Le béton frais est fortement alcalin : l'eau interstitielle a un pH d'environ 12,5 à 13 grâce à la chaux (hydroxyde de calcium) libérée lors de l'hydratation du ciment. Dans ce milieu, une fine pellicule d'oxyde dense se forme sur l'acier d'armature enrobé — la couche de passivation — qui stoppe pratiquement toute formation de rouille. Tant que cette couche est intacte, la protection anticorrosion de l'acier d'armature dans le béton est excellente.

La carbonatation sape cette protection depuis l'extérieur. Le CO₂ de l'air pénètre dans le béton par les pores et réagit avec l'hydroxyde de calcium pour former du carbonate de calcium. Cette réaction consomme l'alcalinité : dans la zone carbonatée, le pH chute d'environ 13 à moins de 9. Le béton lui-même n'en devient d'ailleurs pas plus faible — il devient même légèrement plus dense et plus dur. Le problème réside uniquement dans ce qui arrive à l'acier dès que le front de carbonatation atteint l'armature : la couche de passivation se dissout et l'acier se retrouve chimiquement « à nu ».

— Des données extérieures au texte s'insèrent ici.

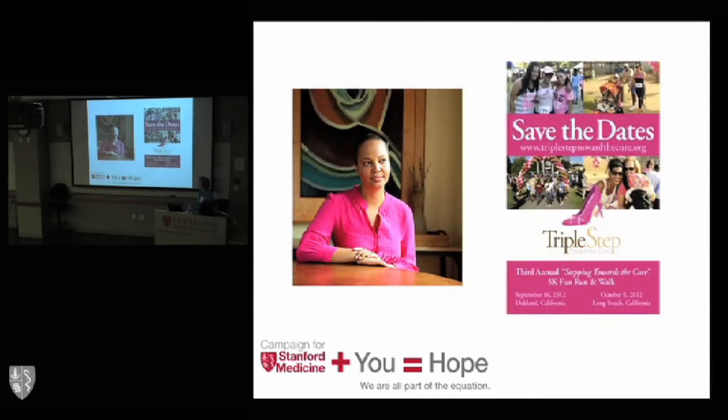One outcome is that a patient named Louisa Golger, who had this experimental treatment, went on to develop a program called Triple Step Toward the Cure — a local program to encourage African-American women, who are particularly susceptible to this kind of breast cancer, to get involved in clinical trials. It's a mechanism for disseminating information gained from clinical research to the community. She is a true heroine.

À quelle vitesse le front de carbonatation progresse-t-il ?

La carbonatation est lente et se freine elle-même : la couche extérieure déjà carbonatée agit comme barrière, si bien que la profondeur de pénétration croît à peu près avec la racine carrée du temps. À titre indicatif, dans un béton dense et bien compacté (classe de résistance élevée, faible rapport eau/ciment), le front atteint 5 à 10 mm après 25 ans ; dans un béton poreux ou mal curé, cela peut être 15 à 25 mm. Les surfaces extérieures alternativement humides et sèches carbonatent le plus vite ; un béton en permanence saturé d'eau presque pas, car ses pores sont remplis d'eau.

La profondeur se mesure simplement avec un indicateur à la phénolphtaléine sur une surface de rupture fraîche ou une carotte : la partie non carbonatée vire au rose, la zone carbonatée reste incolore. Si le front incolore se situe au niveau de l'armature ou au-delà, l'amorçage de la corrosion n'est qu'une question de temps.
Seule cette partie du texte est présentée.